> Records provided:
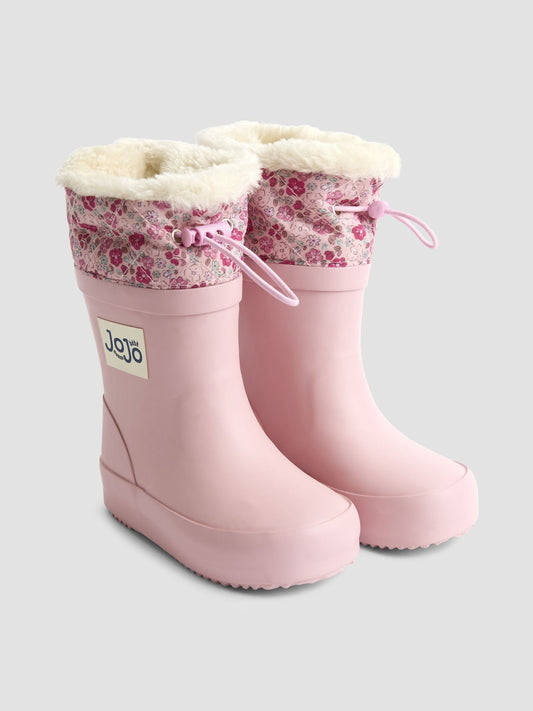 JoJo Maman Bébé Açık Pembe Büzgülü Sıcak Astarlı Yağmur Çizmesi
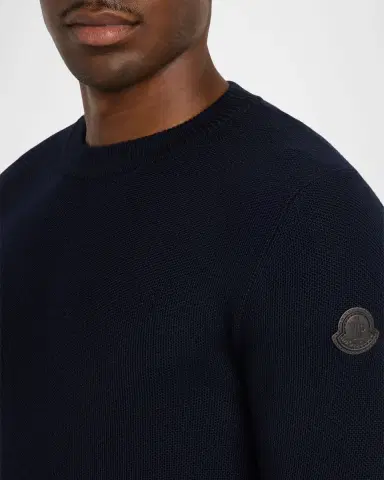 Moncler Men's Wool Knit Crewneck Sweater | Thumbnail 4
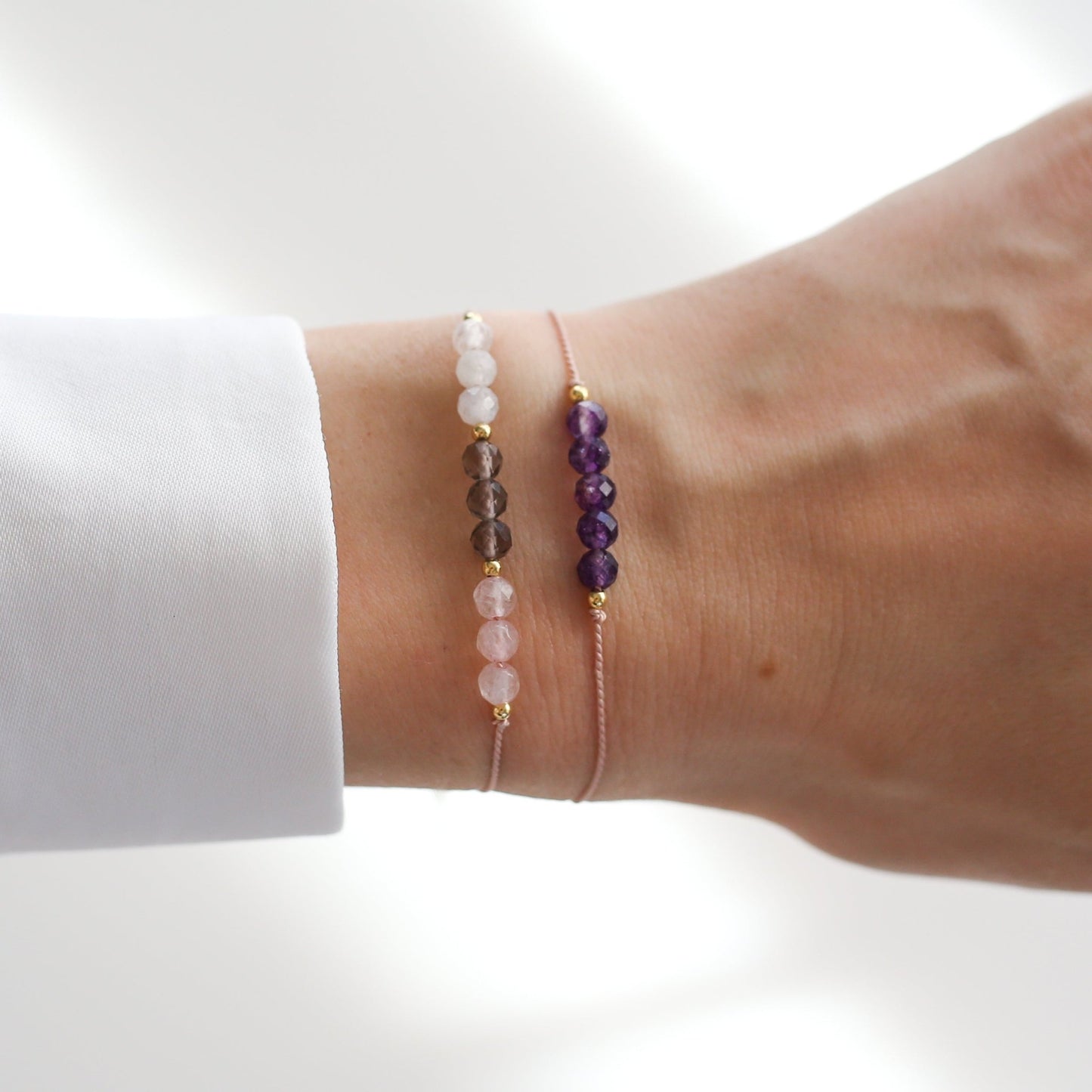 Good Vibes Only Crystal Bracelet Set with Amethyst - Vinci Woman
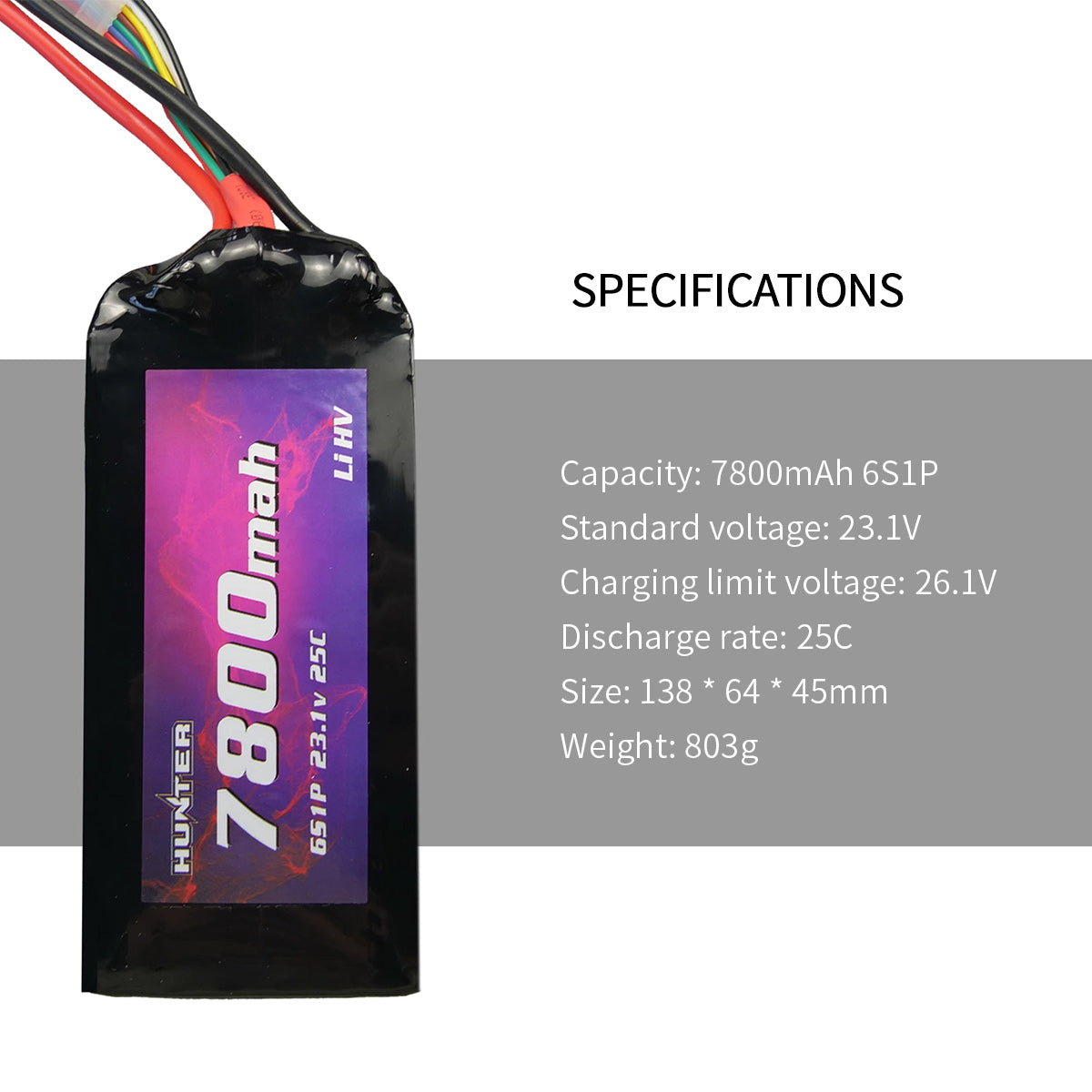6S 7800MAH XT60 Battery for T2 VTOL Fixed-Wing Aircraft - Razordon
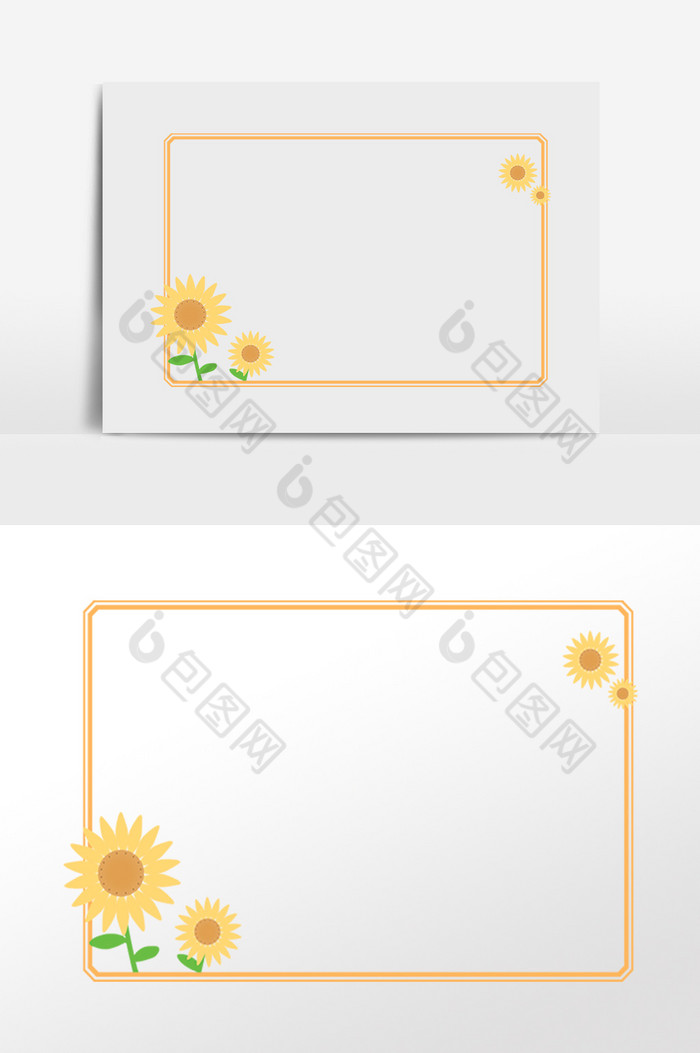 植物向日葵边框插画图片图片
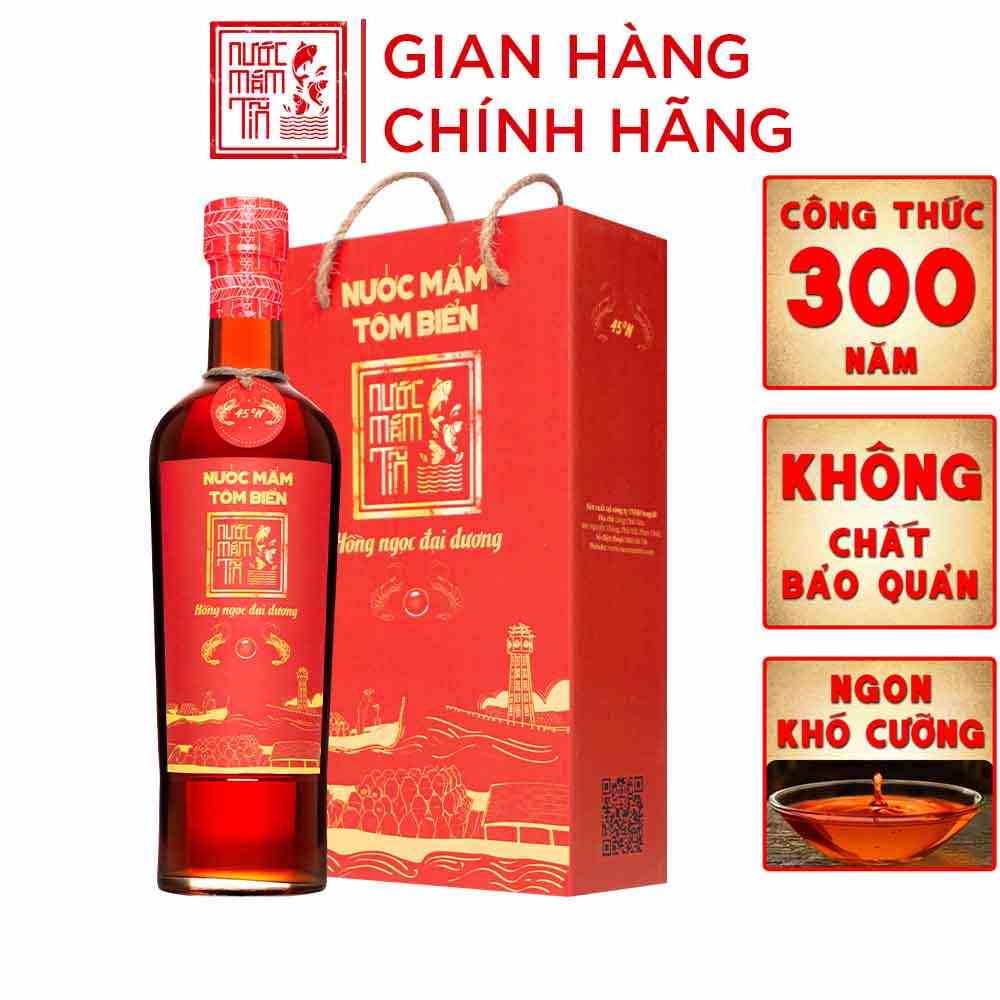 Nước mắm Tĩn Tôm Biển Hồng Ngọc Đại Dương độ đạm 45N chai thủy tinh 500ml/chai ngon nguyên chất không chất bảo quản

> Work instructions: Your answer must be an exact reproduction of all entries, containing no pictures.

> Reply to the task:
 JoJo Maman Bébé Açık Pembe Büzgülü Sıcak Astarlı Yağmur Çizmesi
 Moncler Men's Wool Knit Crewneck Sweater | Thumbnail 4
 Good Vibes Only Crystal Bracelet Set with Amethyst - Vinci Woman
6S 7800MAH XT60 Battery for T2 VTOL Fixed-Wing Aircraft - Razordon
 植物向日葵边框插画图片图片
 Nước mắm Tĩn Tôm Biển Hồng Ngọc Đại Dương độ đạm 45N chai thủy tinh 500ml/chai ngon nguyên chất không chất bảo quản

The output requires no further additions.